Stiamo vivendo in un momento di cambiamento culturale. Cosa la spaventa di più del tempo in cui viviamo? C’è, invece, qualcosa che pensa possa aiutarci a crescere e migliorare?
Anche con Hit Man sto cercando di dare un messaggio di potenziamento. “Cogli l’identità che vuoi esprimere e sii quella persona con passione”. Fai un piano. Non fissarti solo sul telefono tutto il giorno. Ho dei figli e dico loro di non essere uno “schermo-ager”. C’è un mondo là fuori. Stiamo consegnando le nostre menti a delle tecnologie piene zeppe di pubblicità. È il trionfo del capitalismo. Sei ciò con cui riempi la tua mente. L’ho sempre pensata così. Incoraggio le persone a leggere i classici e ad essere esseri umani a tutto tondo. Penso ti renda un cittadino migliore. Non credo che la psiche umana sia mai entrata in contatto con una macchina più manipolativa.
Ogni secolo è stato definito dalle tecnologie dell’epoca.
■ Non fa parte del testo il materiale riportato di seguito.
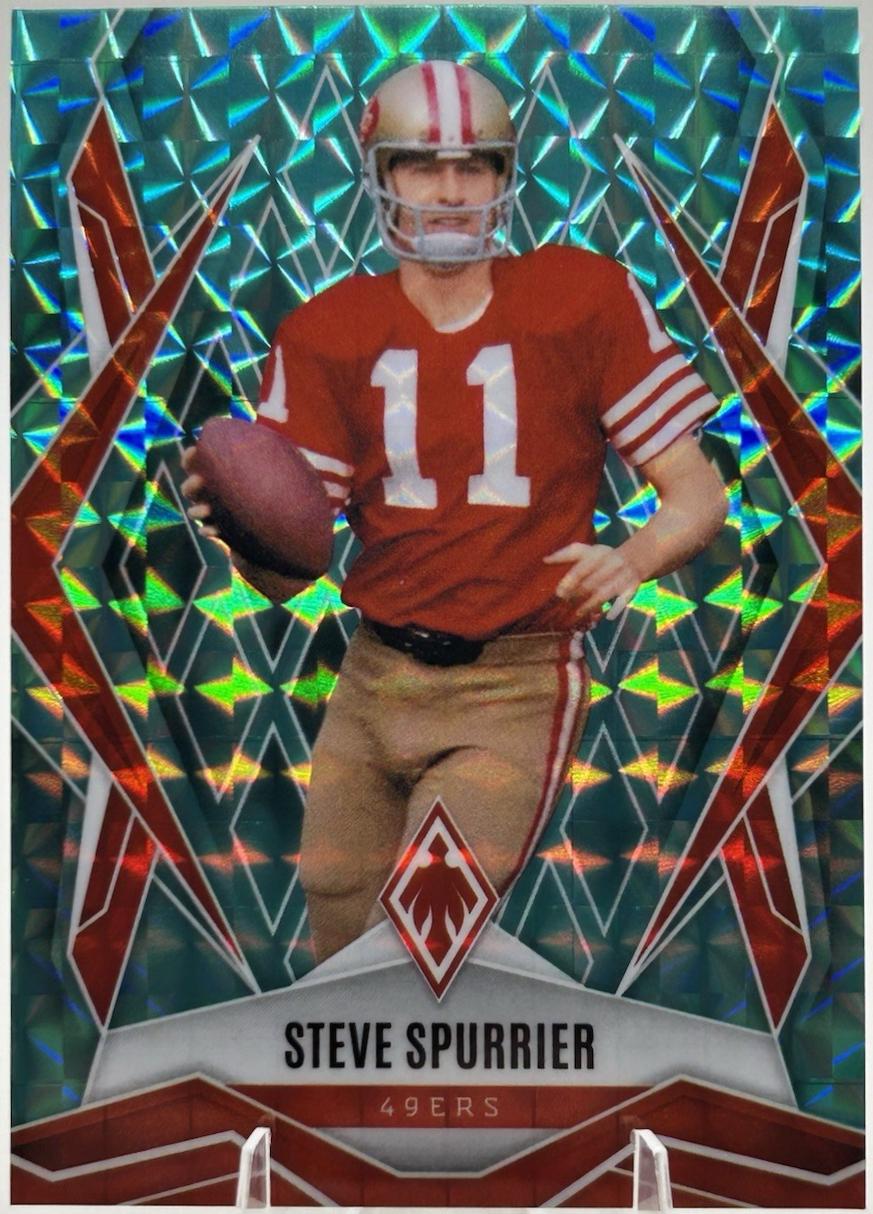 Steve Spurrier [Teal Pyramids] #74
Le macchine industriali, i motori a vapore, le automobili, gli aeroplani. E poi abbiamo avuto l’era dell’informazione nell’ultima parte del XX. Non so in che fase siamo ora. È come se l’era dell’informazione abbia prodotto delle società tecnologiche in cui il tuo percorso è già deciso. Ma penso anche che l’era dell’informazione sia finita. Siamo entrati in nuova fase che non sappiamo neanche come chiamare. Ci sta cambiando in modi che non sappiamo come trattare. Spero che le persone lo abbiano visto nel film. Spero vengano coinvolti e cerchino di fare un cambiamento.